** Opening RECORDS PROVIDED block **

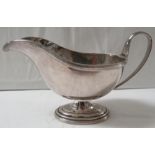 Silver sauce boat on oval foot, marks for Sheffield, 1964, indistinct maker's stamp, 9.6 ozt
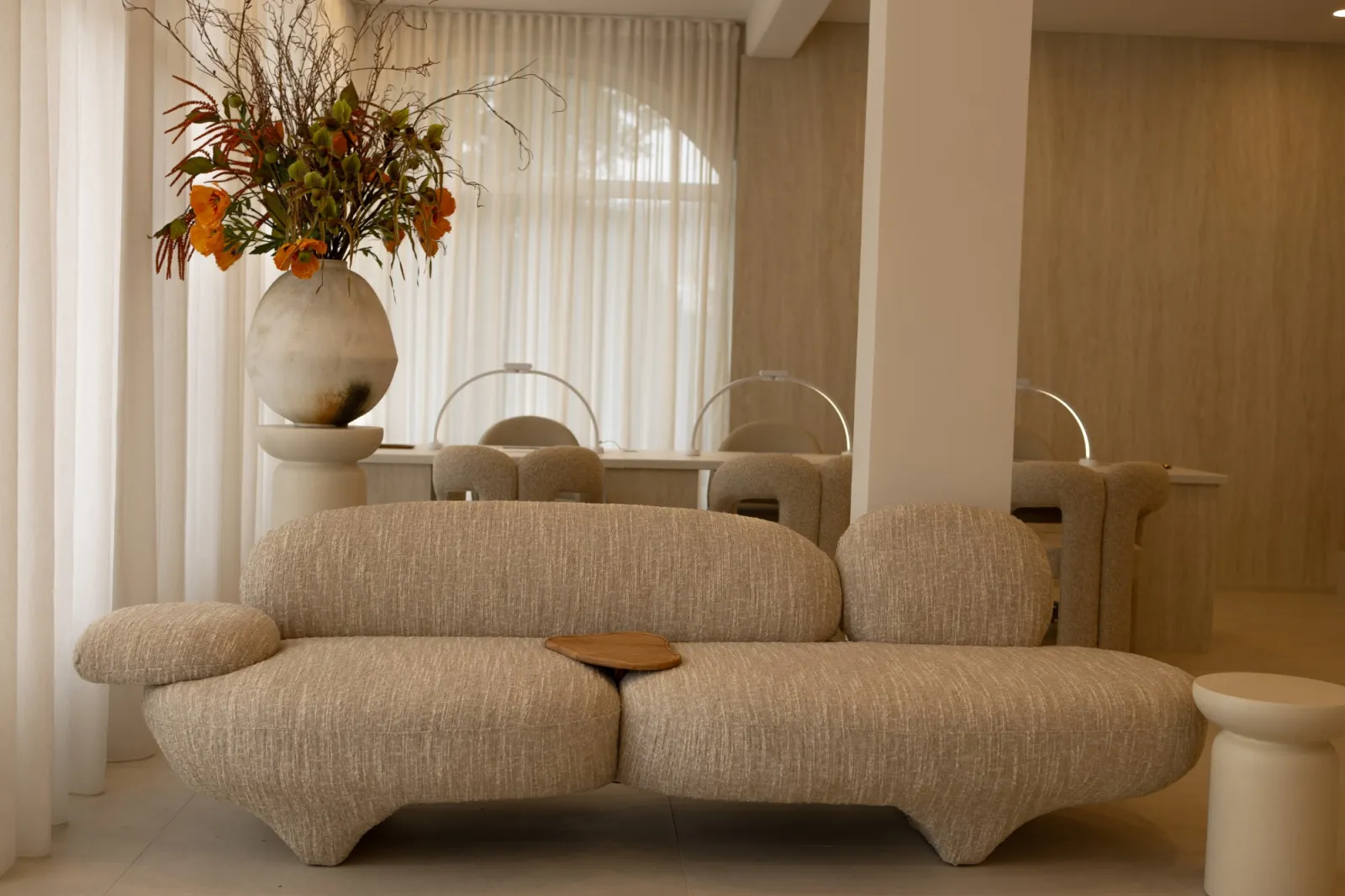 Lounge s mekanom sofom ispred stolova za manikuru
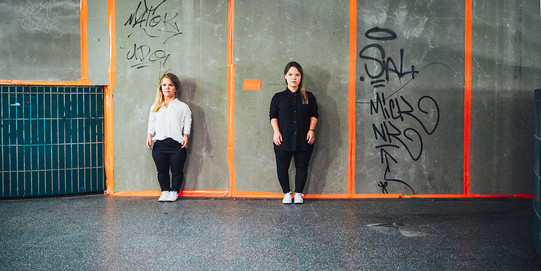 Zwei kleinwüchsige Frauen stehen vor einer Betonwand und tragen schlichte Kleidung der Marke "Auf Augenhöhe".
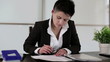 Young punk businesswoman signing documents in the office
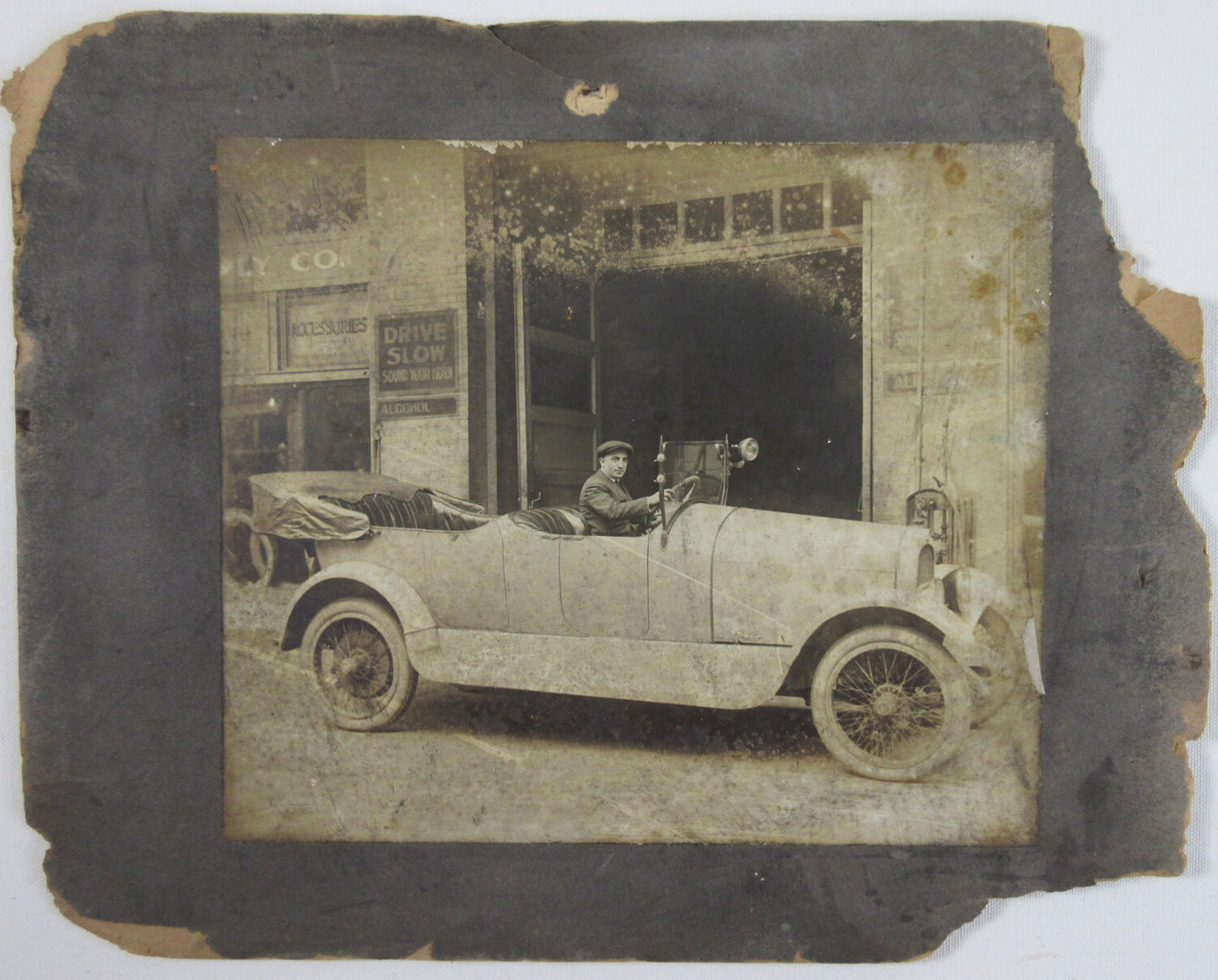 EARLY MODEL CAR W/DRIVER/TOP DOWN. 8X9.5 PHOTO ON 11X13.5 CARD.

** Closing RECORDS PROVIDED block **

__TASK DESCRIPTION__.
Please repeat exactly the lines from the one containing "Lounge s mekanom" through the end of the entries, both included, omitting pictures.

__ANSWER TO THIS EXERCISE__.
 Lounge s mekanom sofom ispred stolova za manikuru
 Zwei kleinwüchsige Frauen stehen vor einer Betonwand und tragen schlichte Kleidung der Marke "Auf Augenhöhe".
 Young punk businesswoman signing documents in the office
 EARLY MODEL CAR W/DRIVER/TOP DOWN. 8X9.5 PHOTO ON 11X13.5 CARD.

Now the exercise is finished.